These short writing sessions reflect assumptions underlying the current and innovative approaches to teaching and writing with holistic natural approaches. The most relevant assumptions are that writing should be taught for meaning rather than form, that writing should be taught as part of whole language, writing should be part of content area acquisition, and that writing should be practiced as a self-generated and self-actualizing activity. A few of the most commonly utilized holistic natural approaches include routine activities for writing purpose, the Language Experience Approach, storybooks or student written summaries as a source for intensive writing activities, journal writing, and creative writing.
The following strategies and activities assume that the students have already experienced a cognitive presentation of background information on the bilingual education movement and that they have had adequate oral instruction on this material. One main resource for this presentation is
The Bilingual Education Act: 1988 Legislation
, written and compiled by Enrique M. Cubillos. This treatise contains a full text of the Bilingual Education Act of 1988 and it describes in detail the length of student participation in a program, the new provisions for funding, service activities and other changes. The 1988 Bilingual Education Act, which is part of P.L. 100-297 (The Hawkins/Stafford Elementary and Secondary School Improvement Amendments), is good reading and orientation for Hispanic students since this legislation reauthorizes bilingual education through September 30, 1993. The teacher should review this treatise with the students.

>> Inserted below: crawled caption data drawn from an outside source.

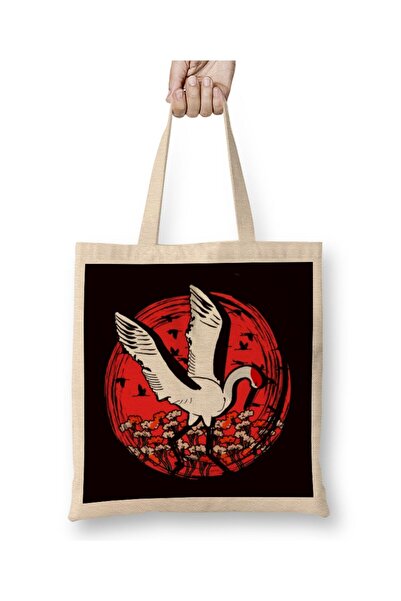 dekado حقيبة قماش على شكل علم ياباني من ماركة Stork Crane Sakura Japan Art Na...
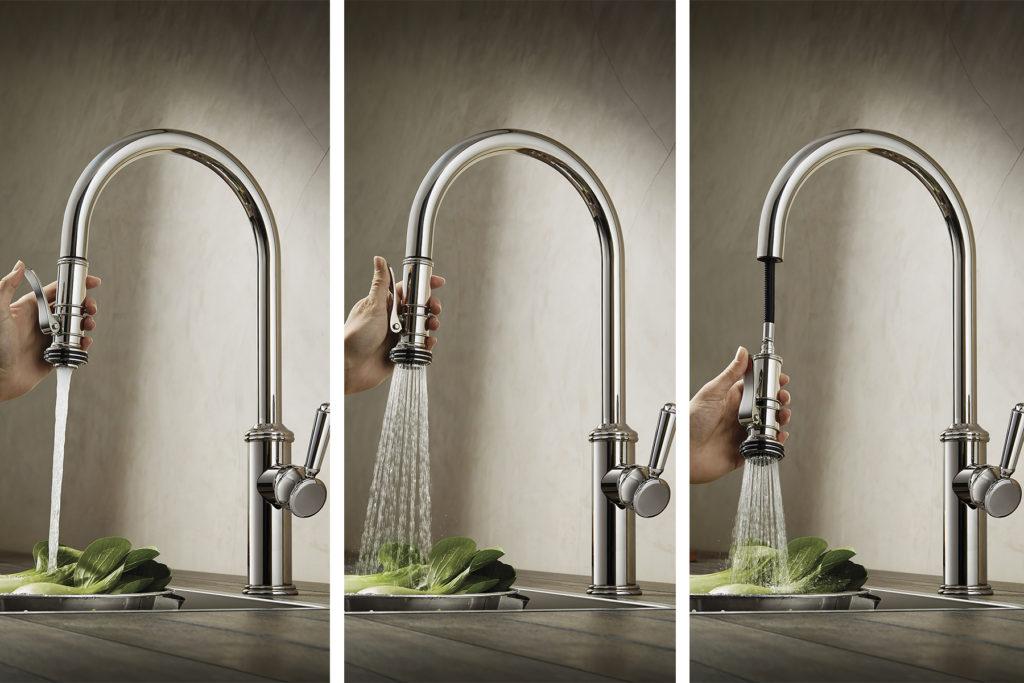 kitchen squeeze down handle faucet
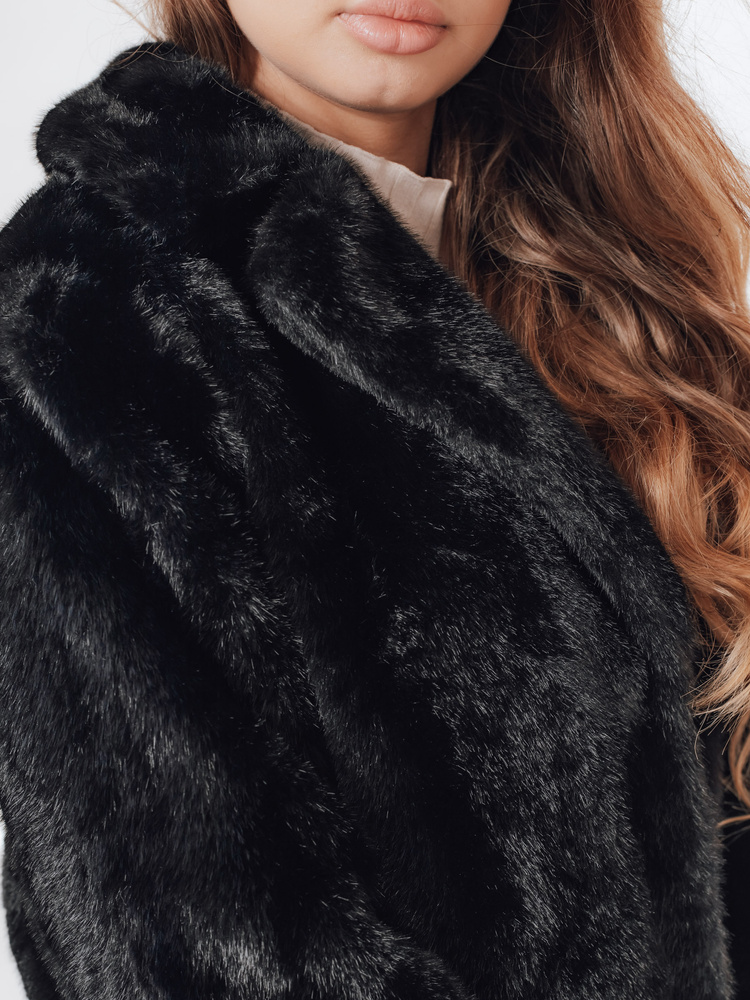 Haină scurtă de blană neagră pentru femei GLAMFLUFFY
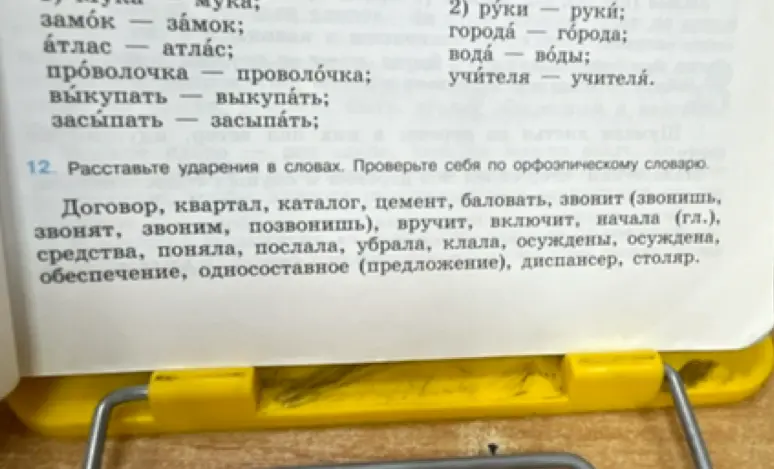 Помоги расставить ударения в словах: Договор, квартал, каталог, цемент, баловать, звонит и т.д.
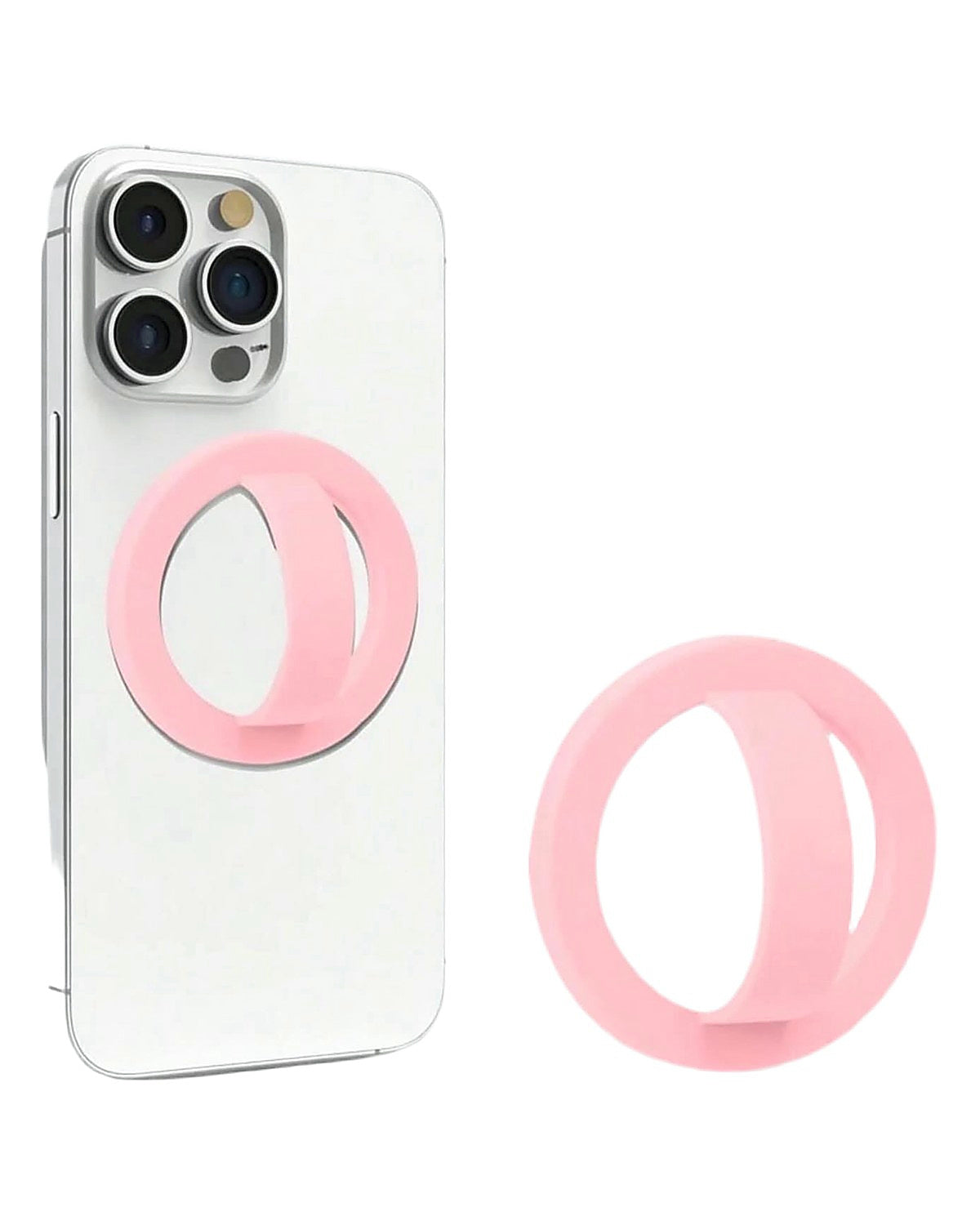 Light pink silicone magnetic phone grip.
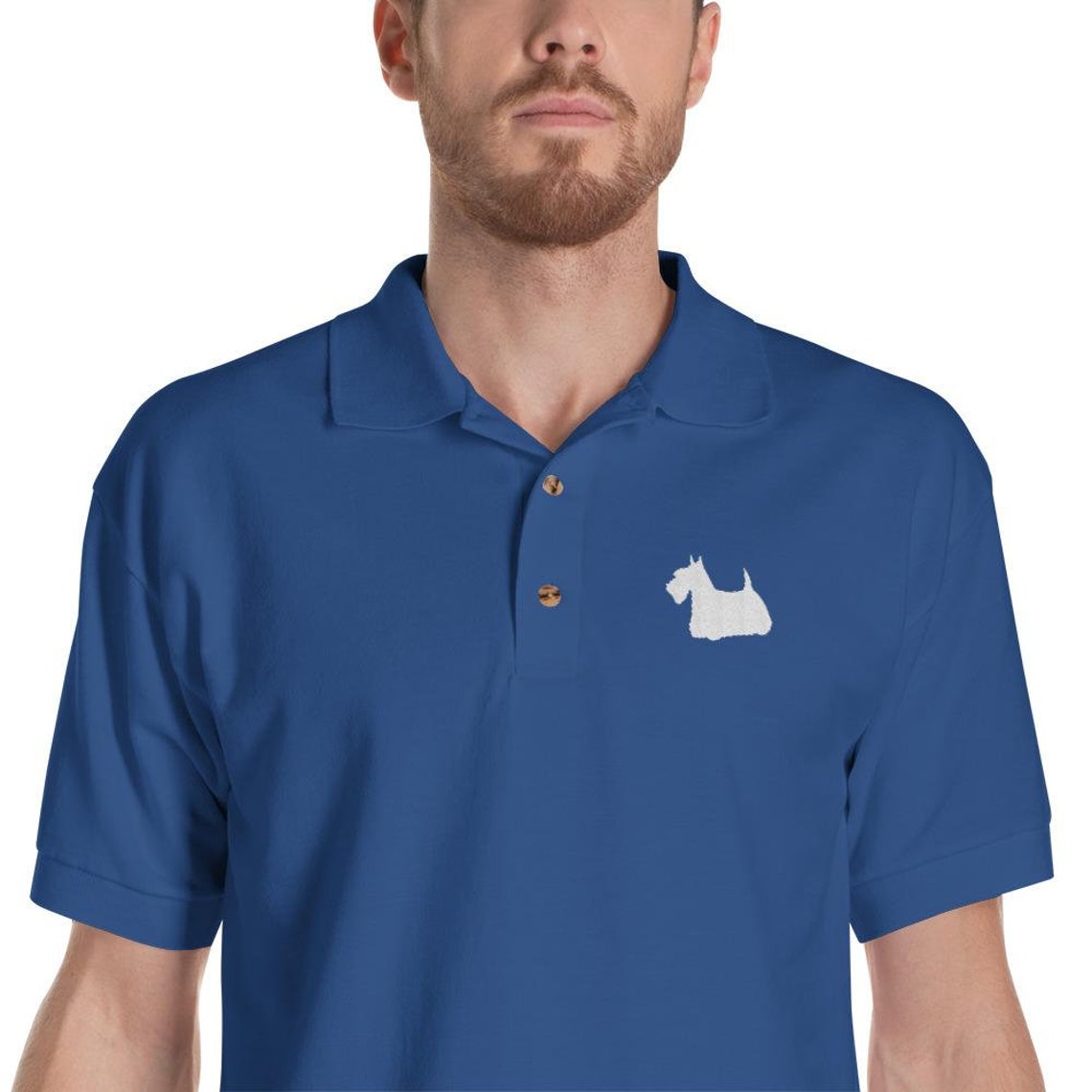 Scottish Terrier Polo Shirt Dog Embroidered Men's Polo Etsy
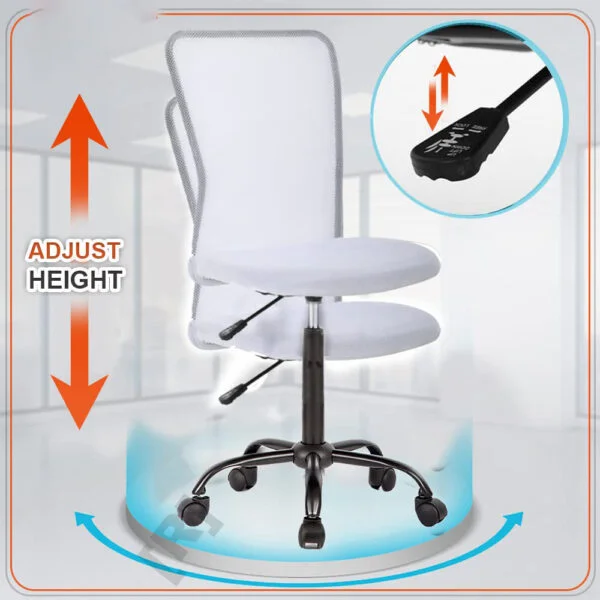 C102 Armless Mesh Chair | Work-from-Home & Office | Study & Computer Chair (White)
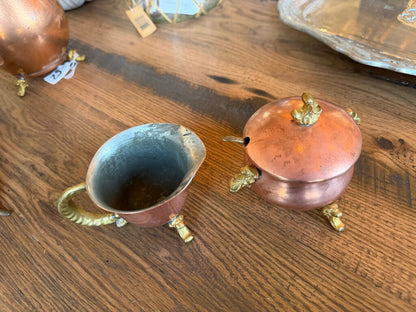 Vintage Copper Creamer and Sugar Bowl Set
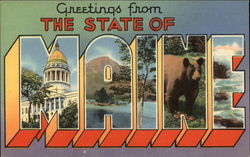 Grretings from the State with Various Views Maine Postcard Postcard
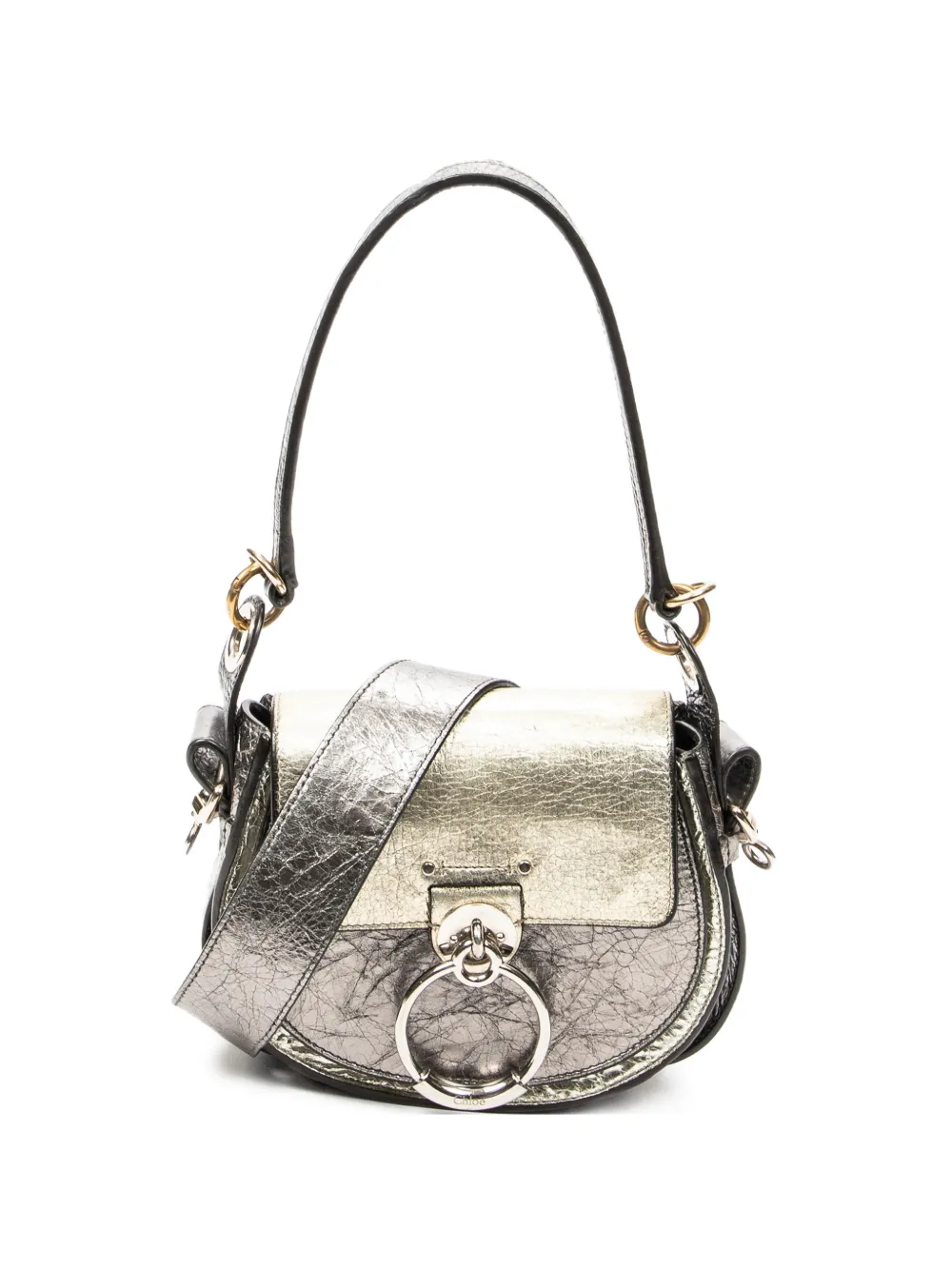 Chloé Pre-Owned small Tess distressed-detail shoulder bag - Silber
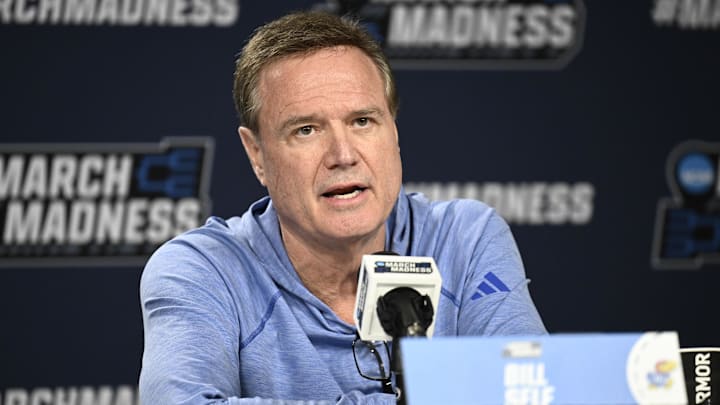 Mar 19, 2026; San Diego, CA, USA; Kansas Jayhawks head coach Bill Self speaks at a press conference ahead of the first round of the men's 2026 NCAA Tournament at Viejas Arena. Mandatory Credit: Denis Poroy-Imagn Images Mar 19, 2026; San Diego, CA, USA; Kansas Jayhawks head coach Bill Self speaks at a press conference ahead of the first round of the men's 2026 NCAA Tournament at Viejas Arena. Mandatory Credit: Denis Poroy-Imagn Images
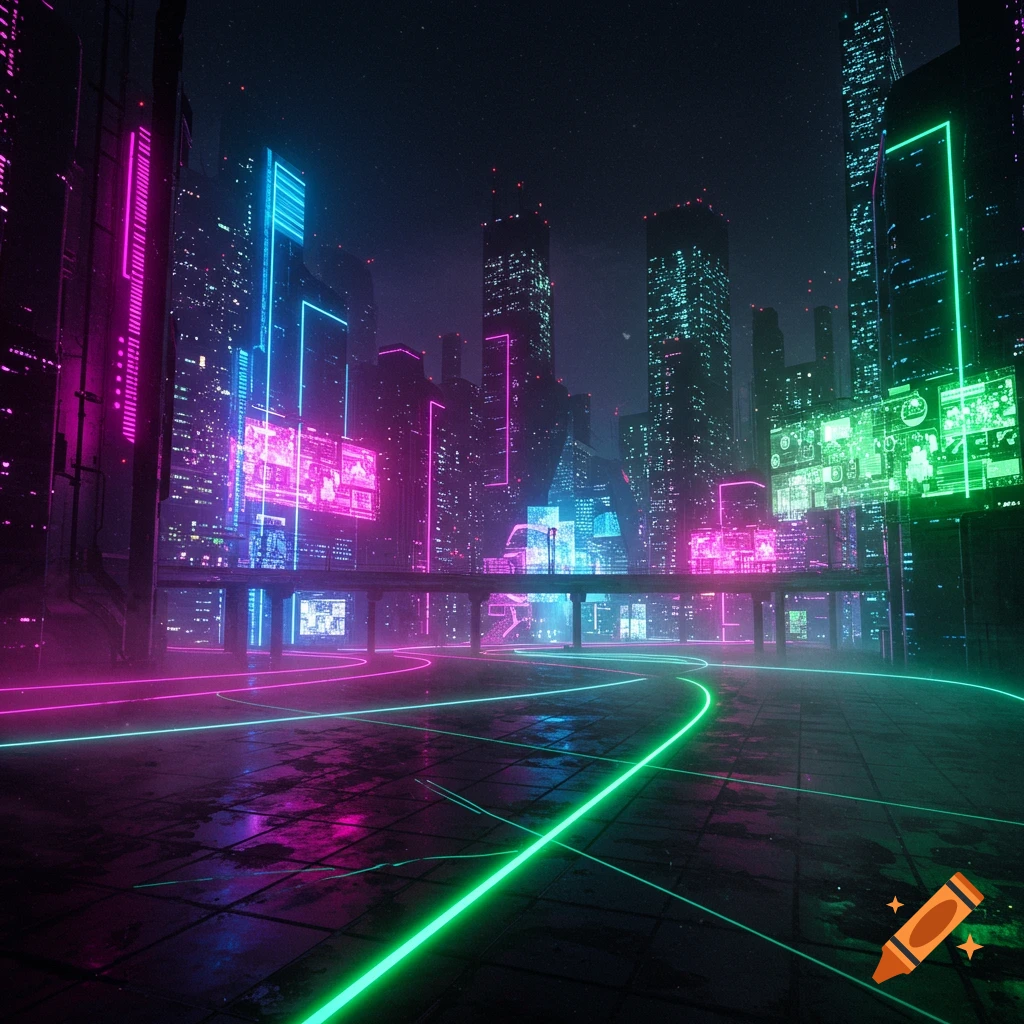 A vibrant cyberpunk cityscape at night with glowing pink, blue, and green neon lights, an elevated highway, and towering skyscrapers.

The target group for these activities could be Hispanic middle school students or other high school students. After the teacher has prepared the classroom with a bilingual education ambiance (writes key terms of the 1988 Act on large bright pieces of paper and hangs them on the walls, writes the names of famous bilingual persons such as the judges or other role models that have made the background presentations, puts soft Hispanic music on for a mellow background . . .), verbal summaries are elicited from the students. The teacher should also give a short summary of what was discussed and presented in the previous classroom sessions.